Not only does the price of diesel affect farmer's bottom line, but fertilizer is made from petroleum as well. Farmers need seed, herbicide and fertilizer to plant all those crops that feed us, the animals we eat and the animal byproducts we consume (e.g., milk). Therefore, the farmer's operating profit, what he makes from selling his crop minus expenses like fuel, fertilizer and maintenance, shrinks dramatically in the face of escalating petroleum prices and commodity prices that may or may not compensate the farmer for all his efforts. How would you like your earnings dependent on the cost of fuel, the vagaries of weather, the yield per acre, machinery breaking down, and selling your product at a price you hope makes a profit at and varies day to day? My dad can sell corn now that he has not harvested (or even planted), betting that he can fulfill the contract and make a profit.
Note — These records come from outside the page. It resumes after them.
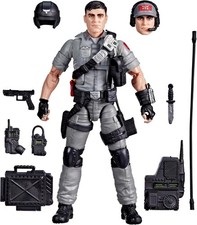 G.I. Joe Classified Series  178  Blaine    Mainframe    Parker  Collectible 6-In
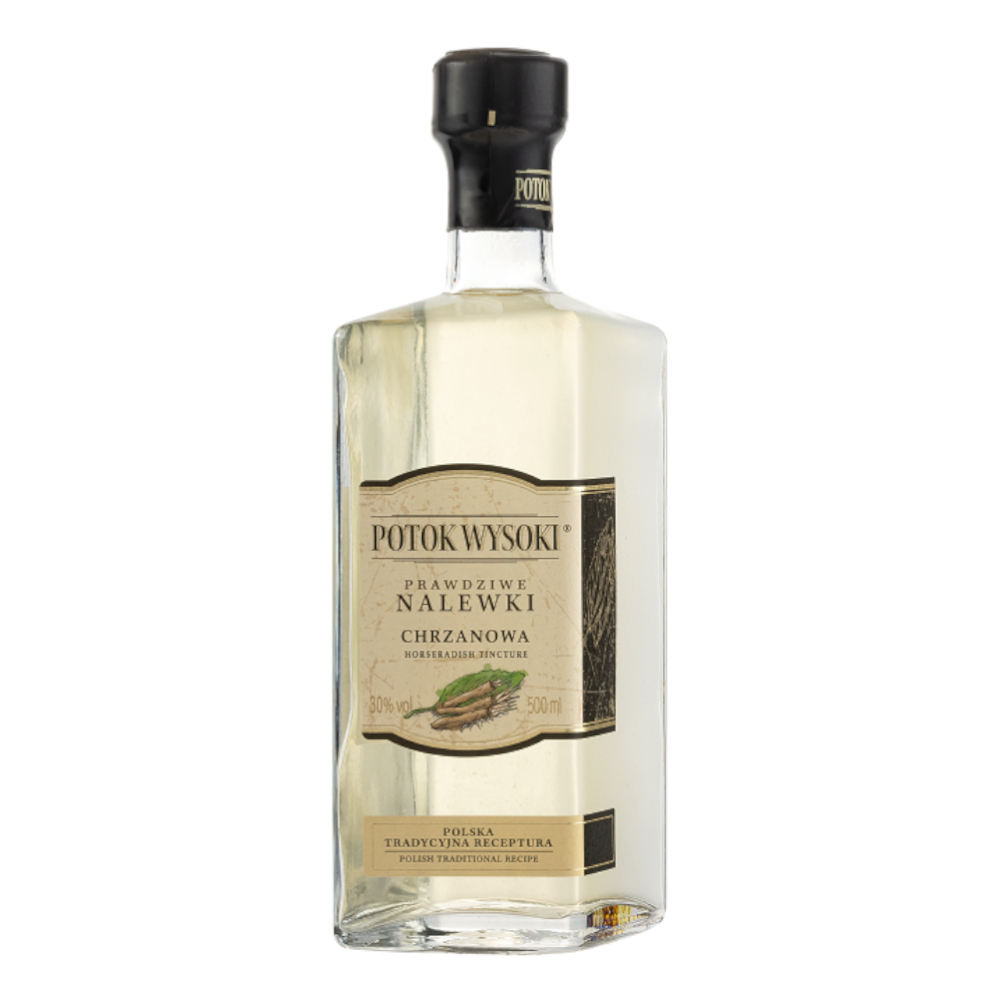 Wódka Potok Wysoki Chrzanowa 30% 500 ml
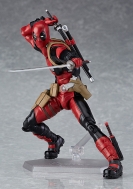 Лимитированная фигурка Figma — Deadpool — DX ver.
Many people make noises about how all the corn going to ethanol is driving up the price of corn, which then affects the price we pay in the grocery store for all those foods that use corn in one way or another (e.g., Corn Flakes and corn-fed beef). However, other factors are involved including developing countries converting from more vegetarian diets to greater meat demand, poor crop yields in South America, and generally higher demand world wide.

So forgive me if I get tired of people whining about how awful it is to pay for gas at the prices we see now days and how compromised their lives are. I do not like paying the prices either, but I do not have to weigh the cost of fuel against my profitability like my dad. Being a farmer is tough business--and they cannot reduce their use of fuel while they work. Let us cut them a break and honor them for working hard in the face of factors they cannot control: petroleum prices, weather, and global demand.